■ **Exercise**
The lines from the one containing "Cute little girl" through the last line below, both ends included, must be reproduced exactly, with no pictures.

■ **Dataset section**
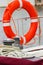 Yachting, colorful rope with orange lifebuoy on sailboat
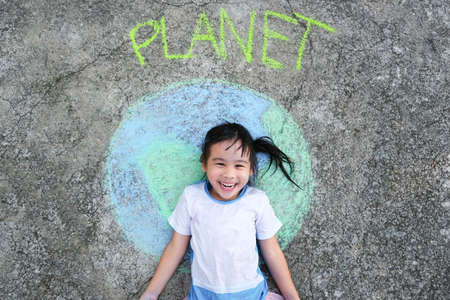 Cute little girl lying on a beautiful world painting with chalk labeled Planet on asphalt. Young...
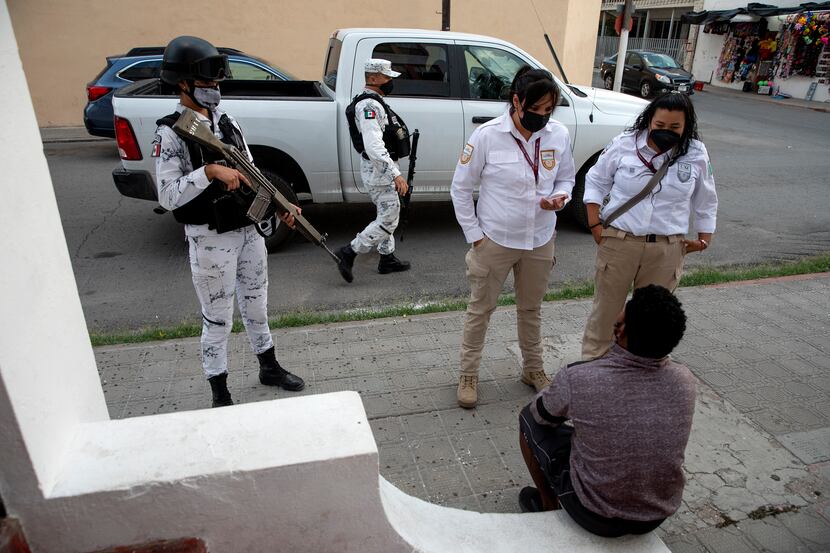 Mexican immigration officials and the Mexican National Guard talk to migrants at the Hotel...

■ **Output of the task**
 Cute little girl lying on a beautiful world painting with chalk labeled Planet on asphalt. Young...
 Mexican immigration officials and the Mexican National Guard talk to migrants at the Hotel...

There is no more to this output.